Pandora is seen in this dramatic view, orbiting just beyond the outer edge
of Saturn's F ring. Several bright areas are visible within the F ring.
In the main rings, the Keeler gap and the Encke gap, with a bright
ringlet, are also visible. Pandora is 84 kilometers (52 miles) across.

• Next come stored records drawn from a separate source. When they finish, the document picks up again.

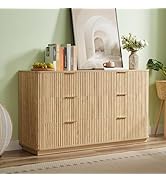 Evermagin Oak Queen Bed Frame with Headboard, Mid Century Modern Fluted Platform Bed, Boho Wooden...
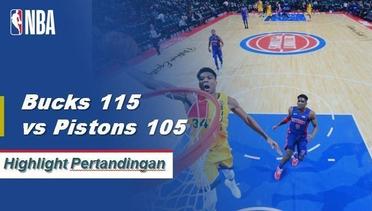 NBA I Cuplikan Hasil Pertandingan :  Bucks 115 vs Pistons 105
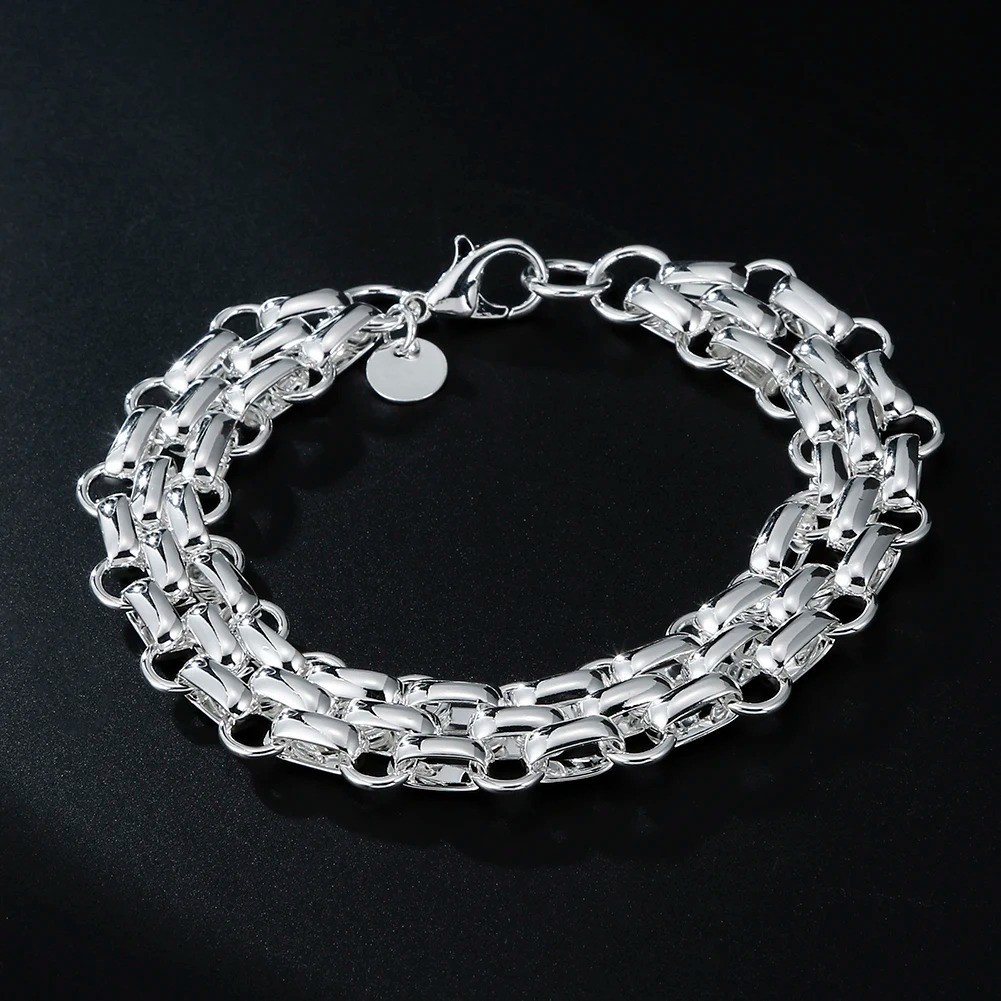 925 Sterling Silver Women Lnterlocking Circle Bracelet Chain Fashion Jewelry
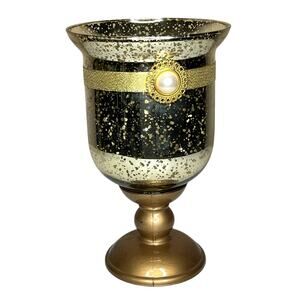 Large Vintage Mercury Glass Candle Holder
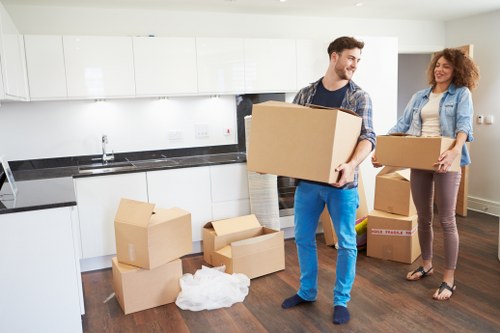Boxes and household belongings prepared for short-term storage in a Wandsworth property move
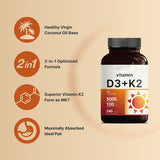 Vitamin D3 5000 IU + K2 100mcg Softgels - 240 Count | Coconut Oil Formula | Lab Tested & Quality Guaranteed | Organic Wellness Hub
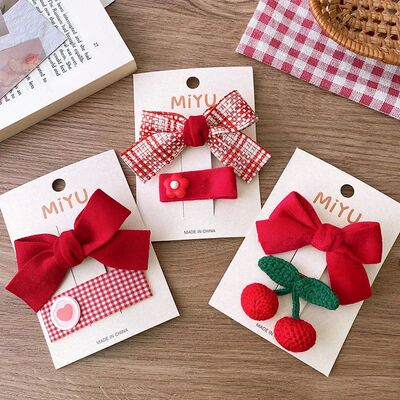 2PCS Christmas Hair P for Girls New Year Red Bow Bangs Clips
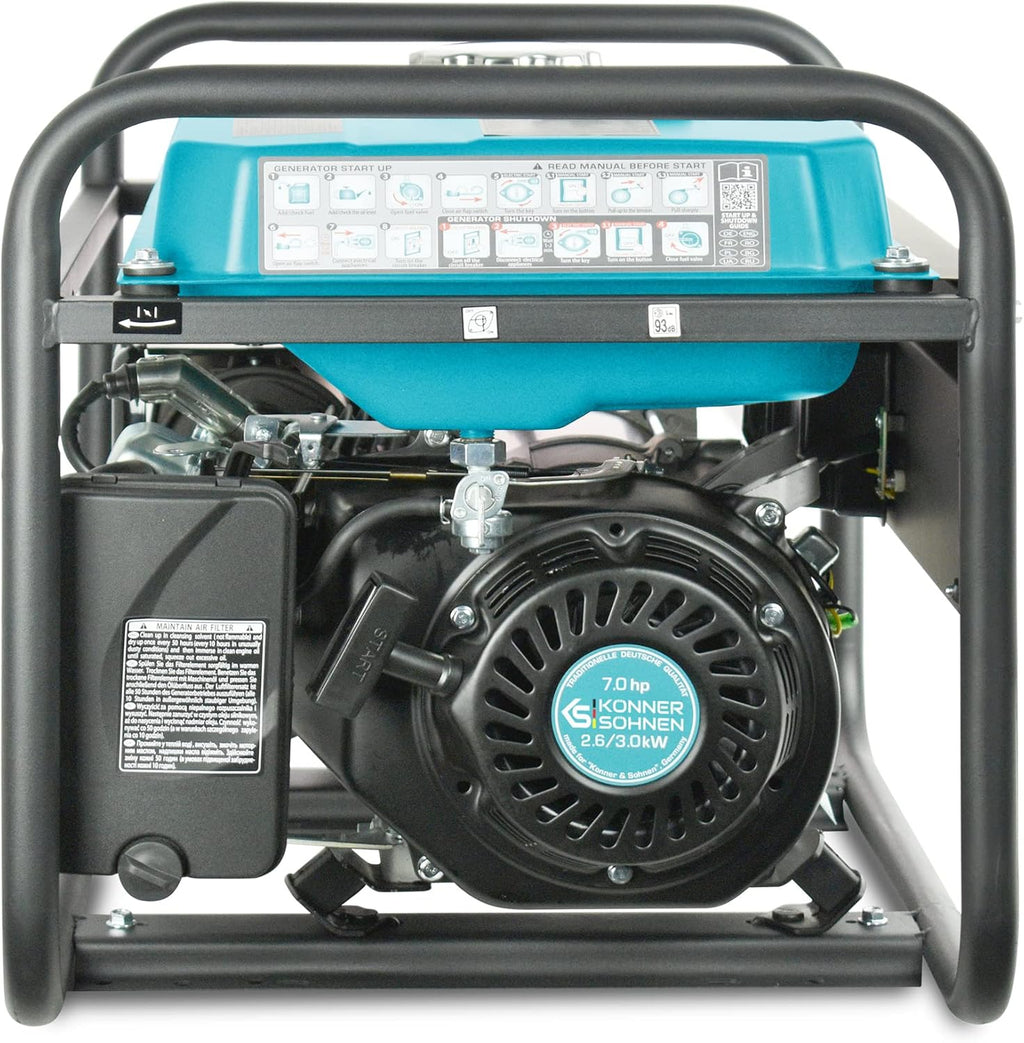 Groupe électrogène à essence 3000 puissance max 3000 W, prises Schuko 2x16A (230 V), EURO-V, régulateur de tension automatique (AVR),moteur électrique enroulement 100% cuivre,generateur de courant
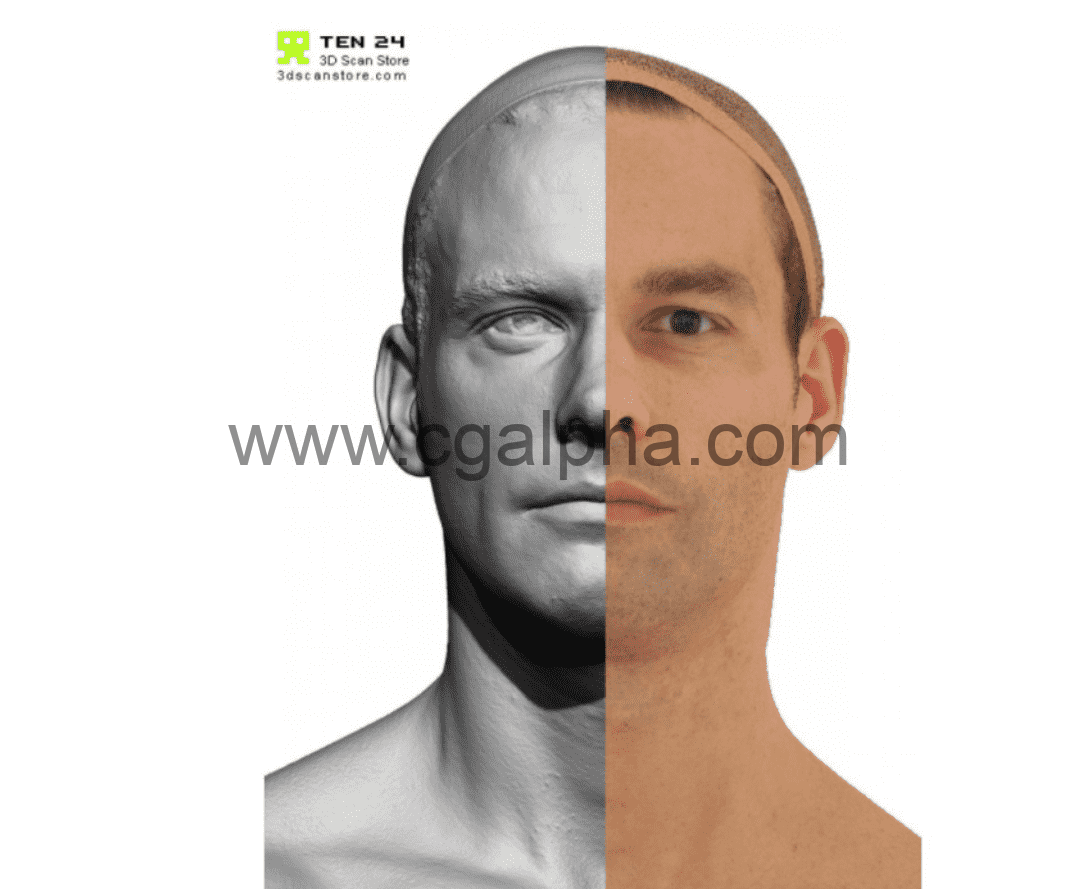 3DScan Store – 男性头部扫描3D模型 Male 05 Head Scan Cleaned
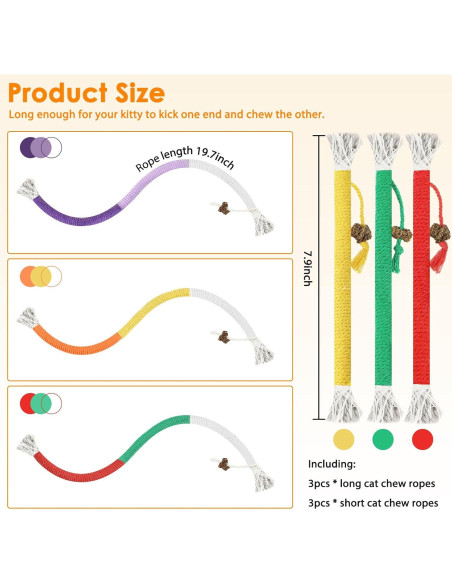 Juguetes para Gatos Tocirelo - Paquete de 6 Cuerdas Masticar Juguetes para Gatos Tocirelo - Paquete de 6 Cuerdas Masticar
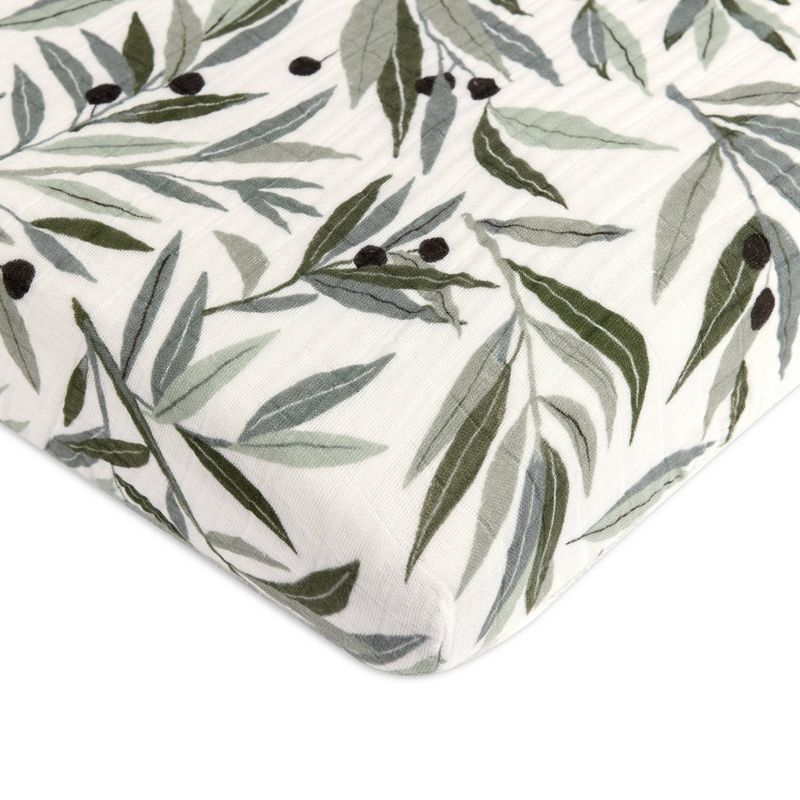 Babyletto Olive Branches Muslin Mini Crib Sheet, 1 of 9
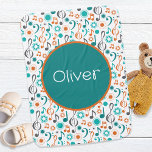 Personalized Baby Name Music Notes & Clefs Baby Blanket<br><div class="desc">Cute and colourful baby blanket with a background of music notes,  clefs,  and floral elements. Customize with your preferred name or text. Fun baby gift idea for a musician,  music teacher,  or band director!</div>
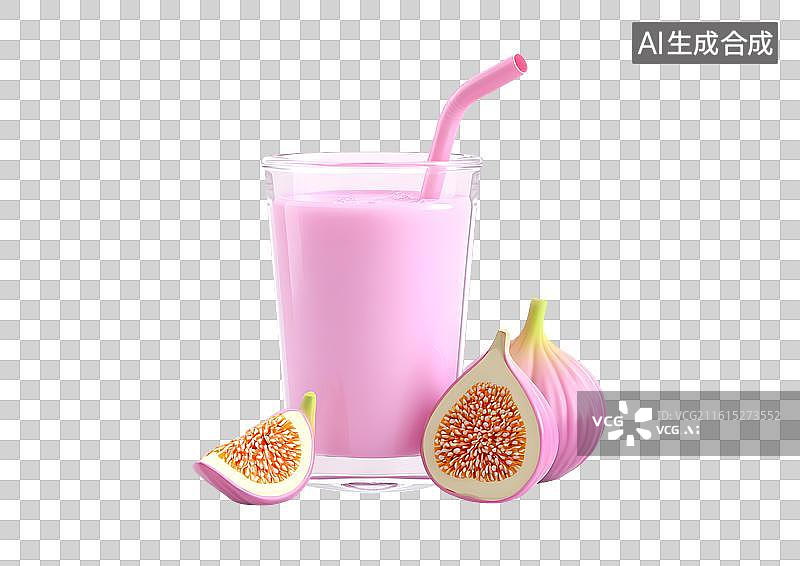 【AI数字艺术】一杯无花果汁图片素材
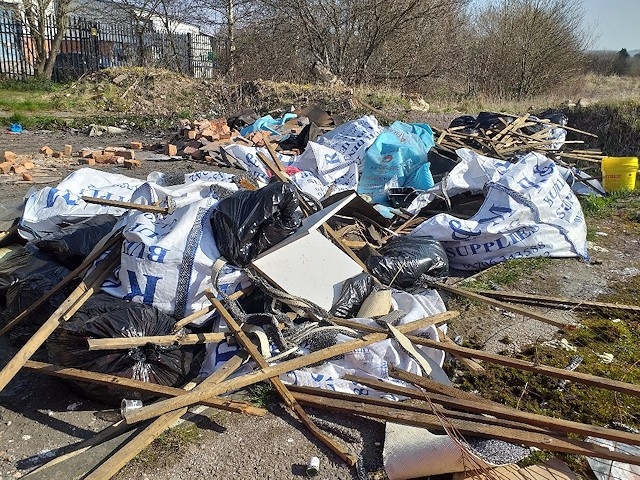 Fly-tipping at Riverside Drive, Rochdale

The image was taken in visible light with the Cassini spacecraft
narrow-angle camera on Feb. 18, 2005, at a distance of approximately 1.2
million kilometers (746,000 miles) from Pandora and at a
Sun-Pandora-spacecraft, or phase, angle of 108 degrees. The image scale
is 7 kilometers (4 miles) per pixel.
The Cassini-Huygens mission is a cooperative project of NASA, the European
Space Agency and the Italian Space Agency. The Jet Propulsion Laboratory,
a division of the California Institute of Technology in Pasadena, manages
the mission for NASA's Science Mission Directorate, Washington, D.C. The
Cassini orbiter and its two onboard cameras were designed, developed and
assembled at JPL. The imaging team is based at the Space Science
Institute, Boulder, Colo.
For more information about the Cassini-Huygens mission, visit
http://saturn.jpl.nasa.gov and the Cassini imaging team home page,
http://ciclops.org.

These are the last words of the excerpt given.